Monter à cheval «en yoga» n’est rien d’autre qu’entrer en résonance avec le Tao du cheval pour faire corps avec son mouvement, sans l’intervention de la volonté et sans que l’ego vienne perturber l’harmonie de la relation. C’est à la fois simple et presque inaccessible sans entamer une démarche du corps et de l’esprit qui permet d’accéder à l’attitude juste, celle qui donne à tous les gestes du cavalier une certaine qualité de présence, depuis le ramassage du crottin jusqu'à l’exécution des figures de haute école.
Le Tao des chevaux n’est pas à vendre
Le prince de Tchao avait une passion immodérée pour la course de chars. Il avait pendant des années pris des leçons avec son cocher qui était un maître aurige réputé. Mais chaque fois que le prince courait contre celui-ci, il arrivait le dernier, même s'il avait pris pour attelage les meilleurs coursiers de ses écuries. Un jour où il fut encore vaincu devant toute sa cour assemblée, le seigneur descendit furibond de son char et dit à son cocher:
- Je vous ai offert des robes de brocart, des pierres précieuses, des jades d'une valeur inestimable en échange de vos services. Mais vous, ingrat, vous ne m'avez pas encore appris tous vos secrets!
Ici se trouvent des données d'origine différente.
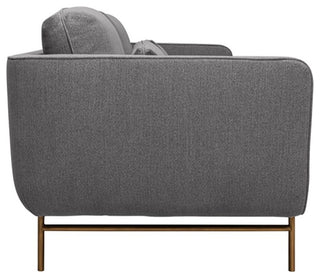 Armen Living Lilou 77" Fabric & Metal Sofa in Gray/Antique Brass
- Sire, tout ne s'achète pas. Je ne peux vous vendre le Tao des chevaux.
- Que voulez-vous dire?
- Un bon cocher doit faire le vide dans son esprit pour s'unir au souffle de ses coursiers. Quand vous êtes en tête, vous avez peur que je vous devance. Quand vous êtes derrière moi vous ne pensez qu'à me dépasser. Votre esprit est toujours concentré sur moi. Comment voulez-vous alors faire corps avec vos chevaux, être en harmonie avec leur Tao?